## ABOUT THIS EXERCISE
Repeat the listing exactly as given, omitting every image.

########

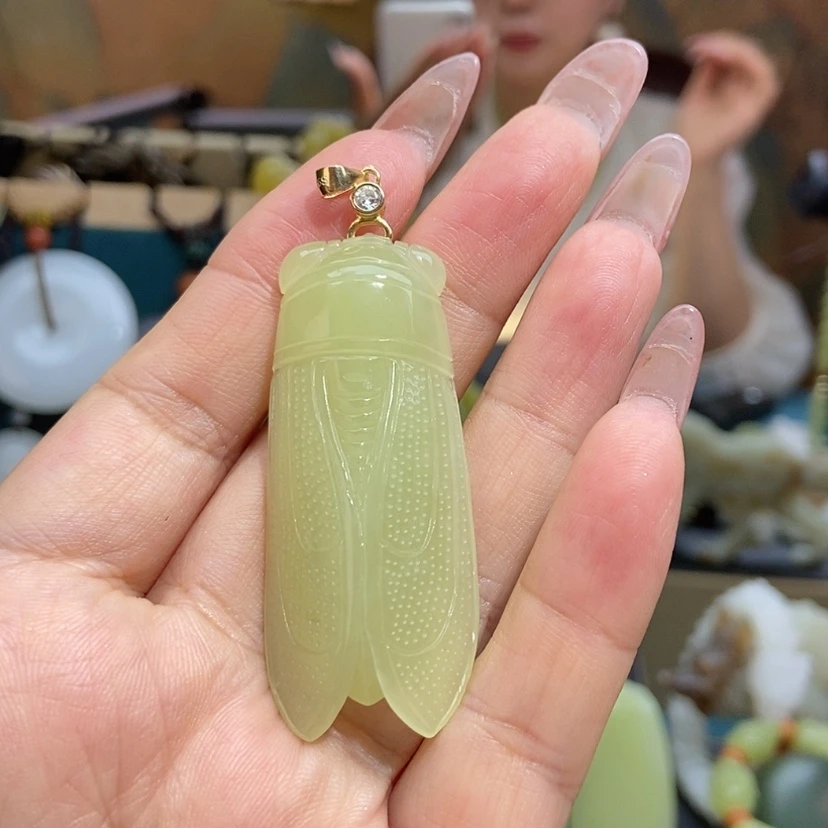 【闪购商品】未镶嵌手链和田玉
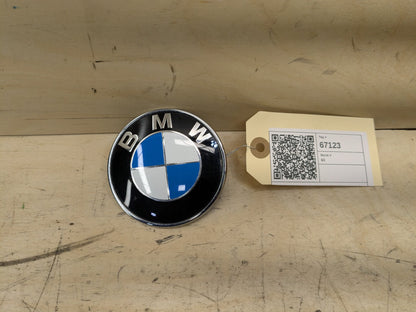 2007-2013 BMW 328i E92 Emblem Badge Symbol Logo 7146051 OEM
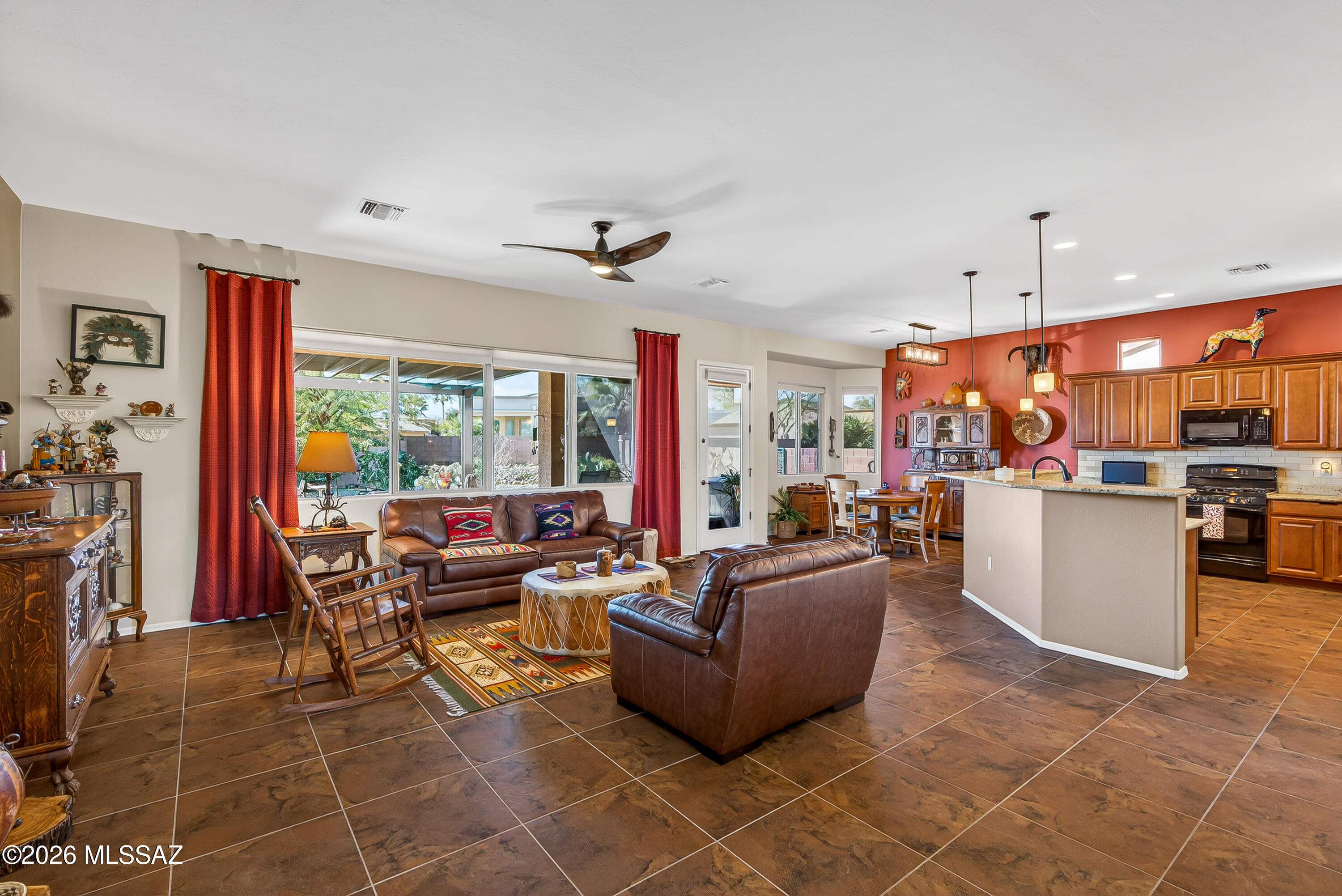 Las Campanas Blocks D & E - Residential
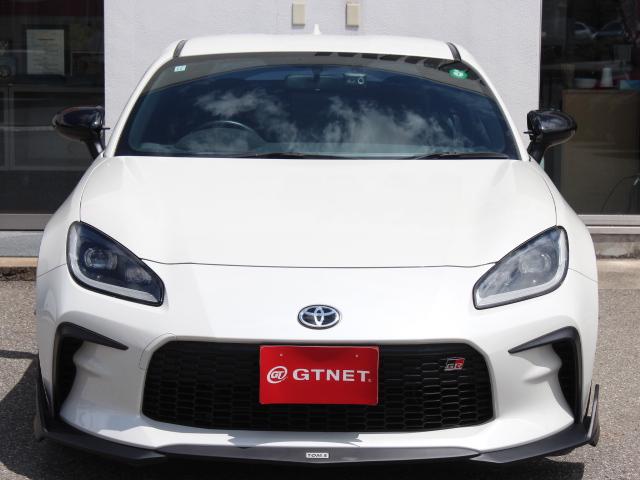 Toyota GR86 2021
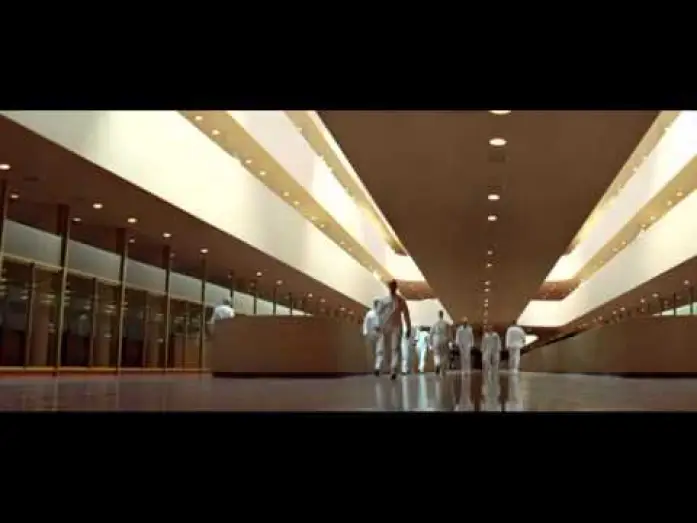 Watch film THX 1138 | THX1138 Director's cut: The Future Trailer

########

## EXERCISE SOLUTION
 【闪购商品】未镶嵌手链和田玉
 2007-2013 BMW 328i E92 Emblem Badge Symbol Logo 7146051 OEM
 Las Campanas Blocks D & E - Residential
 Toyota GR86 2021
 Watch film THX 1138 | THX1138 Director's cut: The Future Trailer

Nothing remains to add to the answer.